Gluten-Free Summer Cobbler
October 5, 2012 2 Comments
I made a pact with myself: before the stone fruit season was over I would bake a cobbler. I had never made one before, and it seemed like the perfect dessert to have while the farmer’s market was abundant with gorgeous peaches. It’s also perfect because it carries over into a great breakfast the next morning (minus the ice cream- or not). At first I thought I’d keep it simple and just use peaches, but upon further consideration I decided to toss in some blueberries for their flavor and beautiful color.
Gluten-Free Summer Cobbler
4 ripe organic peaches, peeled and sliced (like photo above)
2 cups organic blueberries (you could also use thawed frozen berries)
1 cup coconut sugar, divided (you could use any type of sugar, but I highly recommend coconut)
2 1/4 cups all-purpose gluten-free flour (i used 2 cups of this and 1/4 cup of this)
1 tsp baking powder
1/2 tsp good quality salt
8 tbsp cold butter, cut into small 1-inch cubes
1 cup almond milk (i used vanilla flavored)

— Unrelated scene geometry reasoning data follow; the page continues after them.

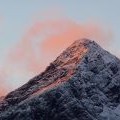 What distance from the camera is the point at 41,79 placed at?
164 metres

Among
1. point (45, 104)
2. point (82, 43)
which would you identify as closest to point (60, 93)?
point (45, 104)

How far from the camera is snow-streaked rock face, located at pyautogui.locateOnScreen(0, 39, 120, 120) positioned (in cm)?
14738

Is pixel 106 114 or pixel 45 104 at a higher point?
pixel 45 104

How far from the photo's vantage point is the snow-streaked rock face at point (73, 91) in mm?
147375

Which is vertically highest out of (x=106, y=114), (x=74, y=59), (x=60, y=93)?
(x=74, y=59)

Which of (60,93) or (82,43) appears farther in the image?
(82,43)

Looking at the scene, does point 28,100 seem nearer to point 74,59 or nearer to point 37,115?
point 37,115

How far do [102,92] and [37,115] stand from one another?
62.5 ft

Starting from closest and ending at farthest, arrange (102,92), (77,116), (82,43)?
(77,116), (102,92), (82,43)

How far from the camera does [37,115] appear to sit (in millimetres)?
147875

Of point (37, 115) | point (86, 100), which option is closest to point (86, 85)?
point (86, 100)

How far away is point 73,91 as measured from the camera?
150 meters

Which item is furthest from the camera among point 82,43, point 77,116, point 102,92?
point 82,43

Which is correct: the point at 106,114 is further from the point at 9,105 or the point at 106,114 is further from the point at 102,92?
the point at 9,105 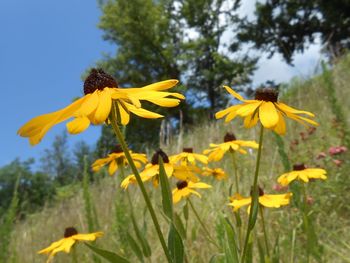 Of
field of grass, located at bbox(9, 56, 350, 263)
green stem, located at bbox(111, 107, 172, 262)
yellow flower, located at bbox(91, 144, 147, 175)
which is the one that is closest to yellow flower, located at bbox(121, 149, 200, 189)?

scant 1/2 cup organic heavy cream
1/2 tsp vanilla extract
2 tbsp coconut sugar to sprinkle on top (optional)
To prepare fruit, add 1/2 cup of the sugar to the sliced peaches and blueberries and set aside for at least 1 hour to “marinate” and create a syrup. Once you’re ready to assemble the cobbler, preheat oven to 400 °F while you make the dough topping.
Whisk together the flour, remaining sugar, baking powder, and salt in a large bowl. Using a pastry cutter (or your clean fingers), add the cold butter to the flour mixture and thoroughly combine until the butter has broken down into little pea size pieces.

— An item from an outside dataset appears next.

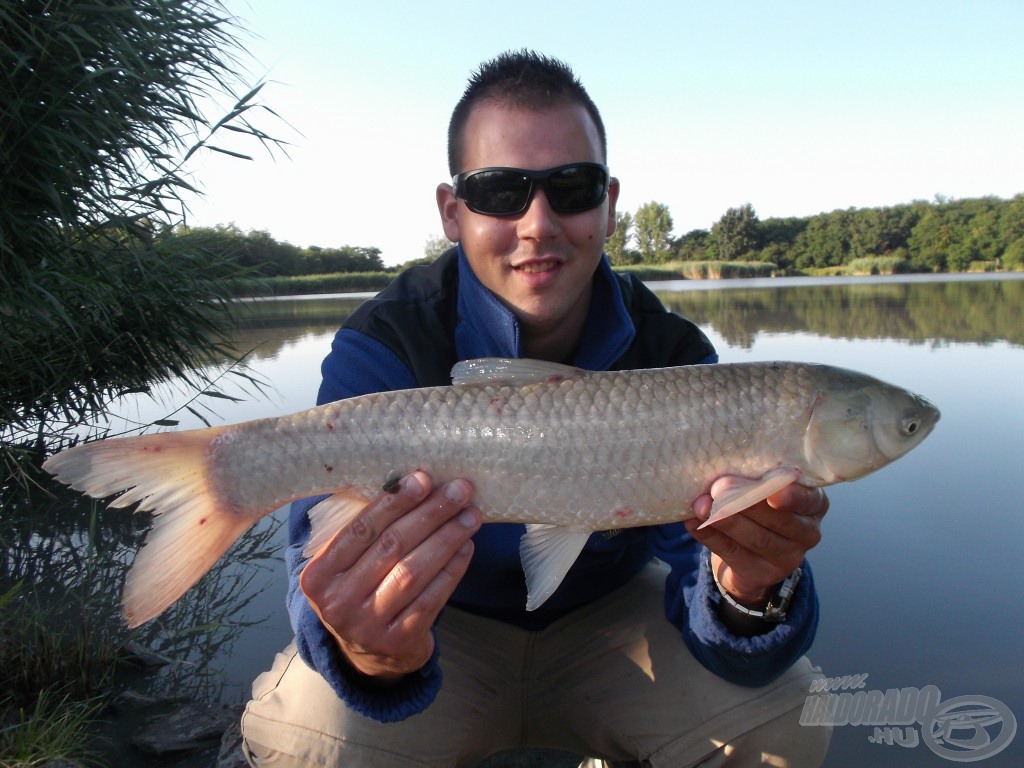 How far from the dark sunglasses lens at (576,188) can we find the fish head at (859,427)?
984mm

Stir together the almond milk, heavy cream, and vanilla extract in a liquid measuring cup, then slowly begin to pour it into the flour/butter mixture. Use a spatula to stir the dough as you add the liquid, making sure that all the flour becomes moist. Continue until there are no dry patches left (it’s better for it to be more wet than too dry).

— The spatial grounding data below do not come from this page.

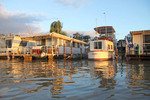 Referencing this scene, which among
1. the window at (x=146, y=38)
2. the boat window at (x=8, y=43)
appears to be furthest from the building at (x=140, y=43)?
the boat window at (x=8, y=43)

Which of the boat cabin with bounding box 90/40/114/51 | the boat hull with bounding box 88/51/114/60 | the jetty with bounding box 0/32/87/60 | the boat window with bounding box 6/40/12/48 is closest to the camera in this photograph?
the boat hull with bounding box 88/51/114/60

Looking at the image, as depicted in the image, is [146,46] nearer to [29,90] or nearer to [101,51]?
[101,51]

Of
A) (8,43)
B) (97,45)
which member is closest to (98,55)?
(97,45)

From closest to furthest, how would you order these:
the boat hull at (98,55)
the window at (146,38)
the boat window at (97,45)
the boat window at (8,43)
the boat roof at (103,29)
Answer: the boat hull at (98,55), the boat window at (97,45), the window at (146,38), the boat roof at (103,29), the boat window at (8,43)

Drain some of the liquid out of the fruit mixture if there’s too much. There should be enough syrup to coat the peaches and blueberries but not drown them. Place the fruit in a medium sized casserole dish (or pie dish) and spread the cobbler dough on top. Sprinkle with a couple spoonfuls of sugar.
Place the cobbler on a large baking sheet and bake at 400 °F for about 35 minutes or until the fruit is bubbling and the topping is browned and beginning to crack.
Some notes:
1) don’t skip putting the dish on a larger baking sheet, as this cobbler bubbles quite a bit over the side and could create a big mess in your oven.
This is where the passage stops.